Polisi telah menetapkan Habil Marati sebagai tersangka terkait kasus dugaan ancaman pembunuhan terhadap empat tokoh nasional dan satu bos lembaga survei.
• Penumpang Pemicu Kecelakaan Maut di Tol Cipali Bekerja Sebagai Sekuriti di Jakarta
Wadir Krimum Polda Metro Jaya Ajun Komisaris Besar Ade Ary menyebut, Habil berperan sebagai pemberi dana sebesar Rp 150 juta kepada Kivlan Zen untuk keperluan pembelian senjata api.
"Tersangka HM ini berperan memberikan uang. Jadi uang yang diterima tersangka KZ (Kivlan Zen) berasal dari HM," cetusnya.
"Maksud tujuan untuk pembelian senjata api.

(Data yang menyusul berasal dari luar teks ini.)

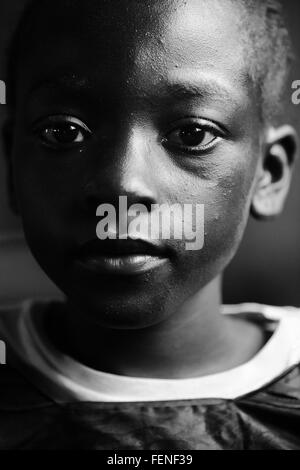 Mali, Afrique - Août 2009 - noir et blanc closeup portrait d'un élève de l'école primaire de l'Afrique noire Banque D'Images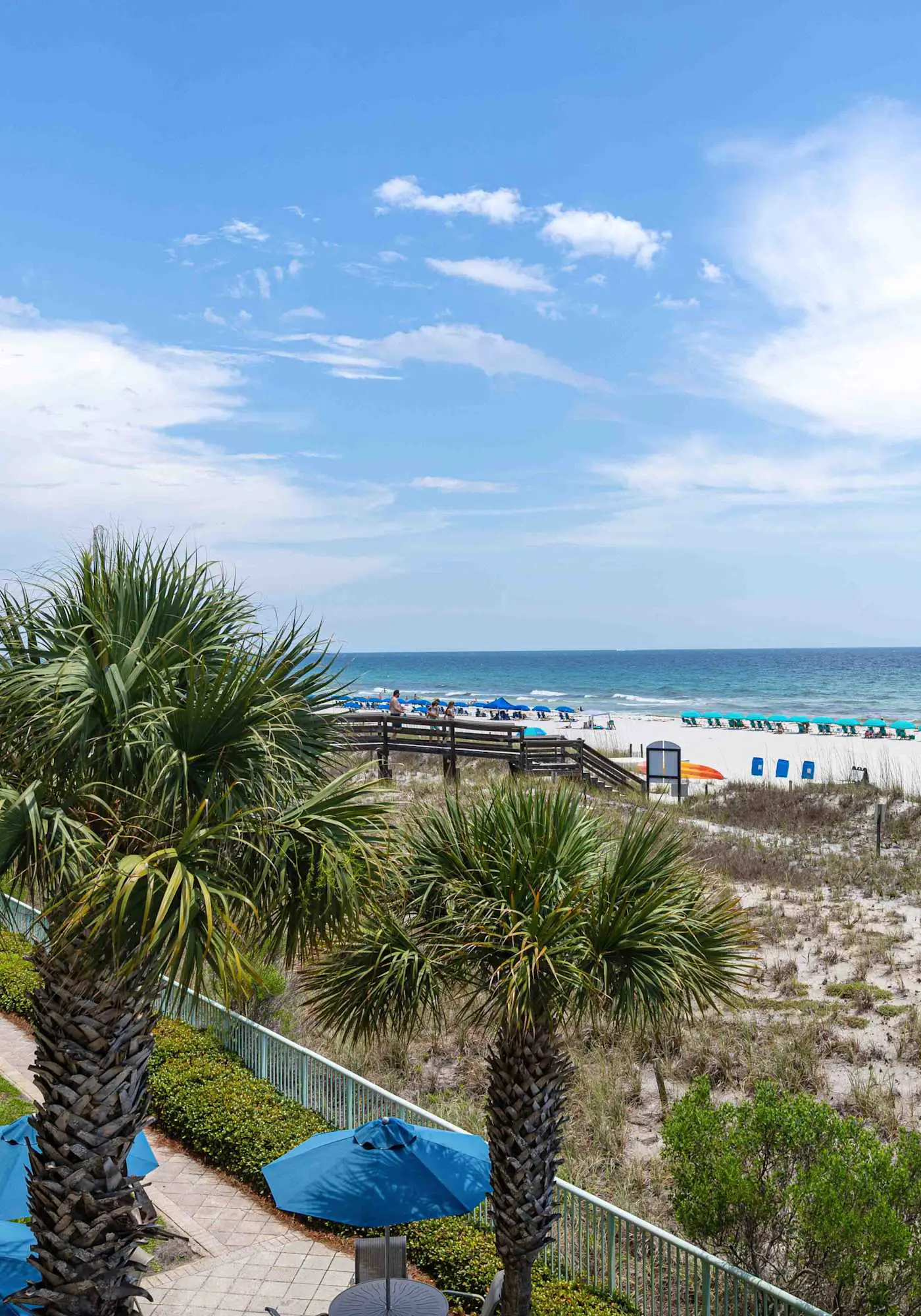 Stylish beach getaway with shared pool, private balcony, gulf views & fast WiFi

Juga memberikan uang Rp 60 juta rupiah langsung kepada tersangka berinisial HK."
"Untuk biaya operasional dan juga pembelian senjata api," kata Ade Ary di kantor Kemenkopolhukam, Jakarta Pusat, Selasa (11/6/2019).
Sejak kasus ini terungkap, nama Kivlan Zen juga disebut-sebut memberikan perintah langsung kepada para tersangka kasus penyelundupan senjata.
Tujuannya, diduga untuk membunuh empat tokoh nasional dan satu pimpinan lembaga survei.
Enam tersangka yang telah ditahan juga sudah memberikan testimoni terkait dugaan adanya keterlibatan Kivlan Zen merancang pembunuhan terhadap empat tokoh nasional.
Empat tokoh nasional itu adalah Menko Maritim Luhut Binsar Pandjaitan, dan Menkopolhukam Wiranto.
Lalu, Kepala Badan Intelijen Negara (BIN) Budi Gunawan, dan Staf Khusus Presiden Bidang Intelijen dan Keamanan Gories Mere. (*)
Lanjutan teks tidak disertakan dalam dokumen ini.